Support with bullying for children and young people
You can go directly to our information for children and young people about:
- I've been bullied at school or online. What can I do?
- I am a student and I think I may have bullied others. Is support available for me at all?
- What do other young people say, and can I share my story?
- I'm a sibling of a child or young person with a disability or a mental illness. What support is available for me?
If you are being bullied at school or online, you should report the behaviour to someone who can help. Education Queensland recommends you talk to a person you can trust, and who can help you resolve the problem. You may like to talk to:
- a teacher, year coordinator or head of department
- a guidance officer
- the deputy principal
- the principal at your school.
If you are being bullied outside of school hours, or would prefer to talk to a person away from school, you can call Kids Helpline on 1800 55 1800 or Lifeline on 13 11 14. Web counsellors also provide support.

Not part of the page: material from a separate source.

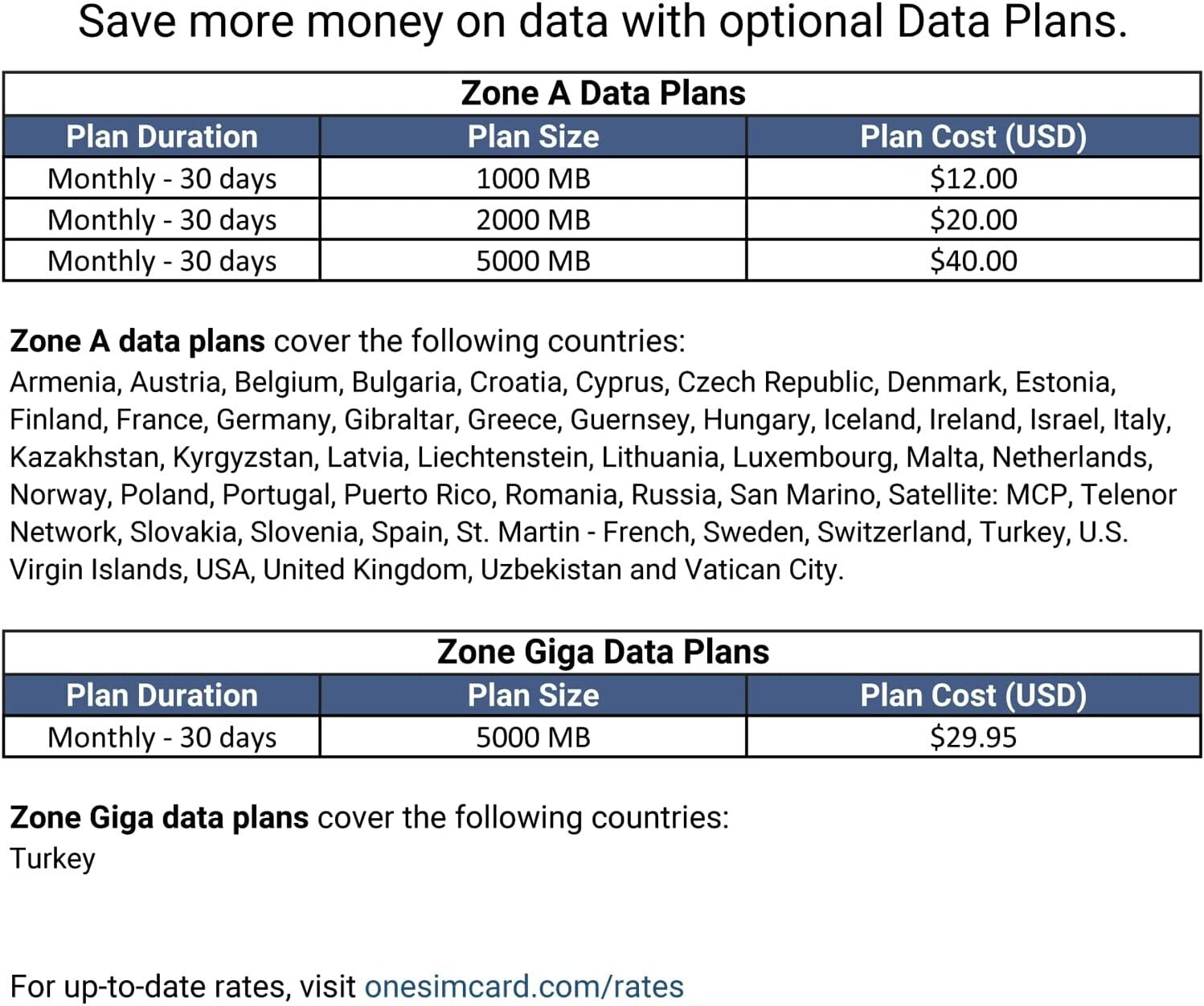 Travel SIM Card with $5 Credit – Connect in Remote Locations & Major Cities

If there is a threat to your safety, the police will help. You can call Triple Zero (000) or Crime Stoppers on 1800 333 000.
Lifeline has tips that may help you with responding to cyberbullying, including:
- using privacy options on Facebook and My Space
- printing or save all emails, text messages, or chat conversations where the person who is bullying interacts with you
- changing your mobile number, and blocking your number ID in future to prevent it being recorded when making calls with general phone use
- changing your user ID for instant messaging.
The Australian Government also has tips and advice to help children and teens deal with cyberbullying.
Children and teens can bully others for different reasons. It may make you feel good, or you might think you are having fun. You may also be trying to get even with someone, be impulsive or want others to admire and like you. You may have bullied other people and not even realised it at the time.
Engaging in bullying behaviour isn't fair-and you should treat others the way that you'd like them to treat you. It can also hurt you, and might be affecting your schoolwork, your friendships and your health.
Support is available for you if you'd like to talk to someone about it. You can call Kids Helpline on 1800 55 1800, or get in touch with a web counsellor now.
- Kids and teens can share their stories, and read personal experiences about bullying, on the Kids Helpline website.
- Youthbeyondblue has a ‘Share your story' forum where children and young people can share their experiences with depression and anxiety, provide tips about getting help or getting better, and talk about their thoughts.
- You can read stories from other young people about their mental health, and register to share your story, on the ‘Is it just me?' forum by headspace, the National Youth Mental Health Foundation.
You may need support if your brother or sister has a disability, a chronic illness or a mental health issue and is getting a hard time at school or is bullying others. You might also be finding it hard coping with how other kids are treating them—or you.
You can call Kids Helpline on 1800 55 1800, or speak to a web counsellor about how you are feeling. Helpful info is also available on the following websites:
- Just for Youths
- Livewire siblings
- Siblings Australia—check out the pages for young sibs and teen sibs
- SibLink—support for primary aged sibs
- Your Shout—support for adolescent sibs.
Lawstuff can help you know your legal rights. Information is available about bullying, discrimination and harassment—as well as topics such as the law, cyber safety, prank calls, sexting and privacy.
The Cybersmart website has tips to help you be cybersmart. Being cybersmart is about responding appropriately to different cyber problems, and cyberbullying is just one issue that can affect your online experience. You can check out the Think before you post poster and read about tips to help you stay safe and cybersmart. You might also be interested in reading about netiquette—how you can be polite and kind to others on the web—as well as your digital footprint, and staying legal.
The ReachOut website has advice about how you can offer support if you see someone being bullied.
The ThinkUKnow website for kids includes helpful ‘How-to guides' about staying safe online.
You can join other Aussie kids and take a stand against cyberbullying, create your own avatar and look at a cyberbullying checklist on the Smart Online Safe Offline website.